我可以使用std::fill或简单的for循环，但速度不够快。

在程序开始时仅执行一次矢量调整，这不是问题。瓶颈正在填补记忆。

简化代码：

struct X
{
  typedef std::vector<int32_t> int_vec_t;
  int_vec_t buffer;

  X() : buffer( 5000000 ) { /* some more action */ }
  ~X() { /* some code here */ }

  // the following function is called 25 times per second
  const int_vec_t& process( int32_t background, const SOME_DATA& data );
};

const X::int_vec_t& X::process( int32_t background, const SOME_DATA& data )
{
    // the following one string takes 30% of total time of #process function
    std::fill( buffer.begin(), buffer.end(), background );

    // some processing
    // ...

    return buffer;
}

Answer 1

我就是这样做的（请原谅我的微软）：

VOID FillInt32(__out PLONG M, __in LONG Fill, __in ULONG Count)
{
    __m128i f;

    // Fix mis-alignment.
    if ((ULONG_PTR)M & 0xf)
    {
        switch ((ULONG_PTR)M & 0xf)
        {
            case 0x4: if (Count >= 1) { *M++ = Fill; Count--; }
            case 0x8: if (Count >= 1) { *M++ = Fill; Count--; }
            case 0xc: if (Count >= 1) { *M++ = Fill; Count--; }
        }
    }

    f.m128i_i32[0] = Fill;
    f.m128i_i32[1] = Fill;
    f.m128i_i32[2] = Fill;
    f.m128i_i32[3] = Fill;

    while (Count >= 4)
    {
        _mm_store_si128((__m128i *)M, f);
        M += 4;
        Count -= 4;
    }

    // Fill remaining LONGs.
    switch (Count & 0x3)
    {
        case 0x3: *M++ = Fill;
        case 0x2: *M++ = Fill;
        case 0x1: *M++ = Fill;
    }
}

Answer 2

我不得不问：您是否明确地描述了std::fill并将其视为性能瓶颈？我猜它是以一种非常有效的方式实现的，这样编译器就可以自动生成适当的指令（例如gcc上的-march）。

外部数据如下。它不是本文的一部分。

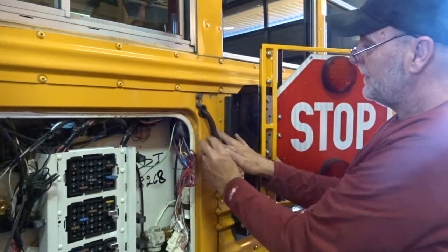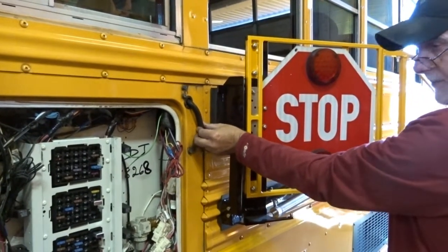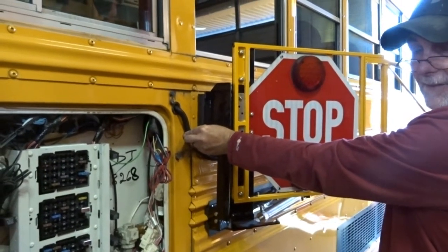Then we'll just take a little bit of degreaser to it there — yeah, just a little bit. Then we'll put a clip right here so it stays snug up against the bus.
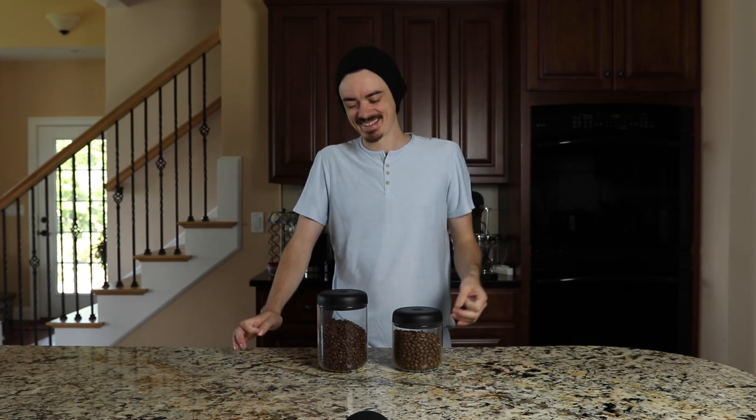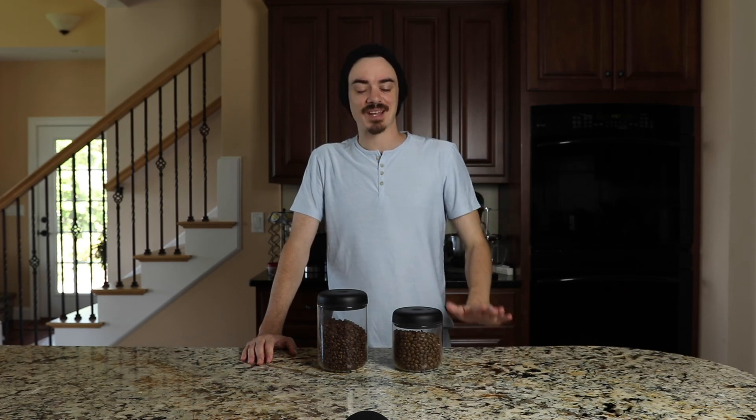Wherever you are and whatever you're doing, I hope you're drinking excellent coffee and I hope you have a great rest of your day. Have a good one.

如果是瓶颈，可能仍然可以从算法重新设计中获得更好的好处（如果可能的话）以避免设置如此多的内存（显然是一遍又一遍），这样就不再重要哪个填充机制了使用

Answer 3

感谢大家的回答。我已经检查了wj32's solution ，但它显示的时间与std::fill非常相似。借助函数std::fill，我当前的解决方案比memcpy快4倍（在Visual Studio 2008中）：

 // fill the first quarter by the usual way
 std::fill(buffer.begin(), buffer.begin() + buffer.size()/4, background);
 // copy the first quarter to the second (very fast)
 memcpy(&buffer[buffer.size()/4], &buffer[0], buffer.size()/4*sizeof(background));
 // copy the first half to the second (very fast)
 memcpy(&buffer[buffer.size()/2], &buffer[0], buffer.size()/2*sizeof(background));

在生产代码中，需要添加检查buffer.size()是否可以被4整除，并为此添加适当的处理。

Answer 4

您是否考虑过使用

vector<int32_t> myVector;
myVector.reserve( sizeIWant );

然后使用std :: fill？或者也许是std::vector的构造函数，它将持有的项目数和初始化它们的值作为参数？

Answer 5

不完全确定如何连续设置4个字节，但是如果要重新填充只有一个字节的内存，则可以使用memset。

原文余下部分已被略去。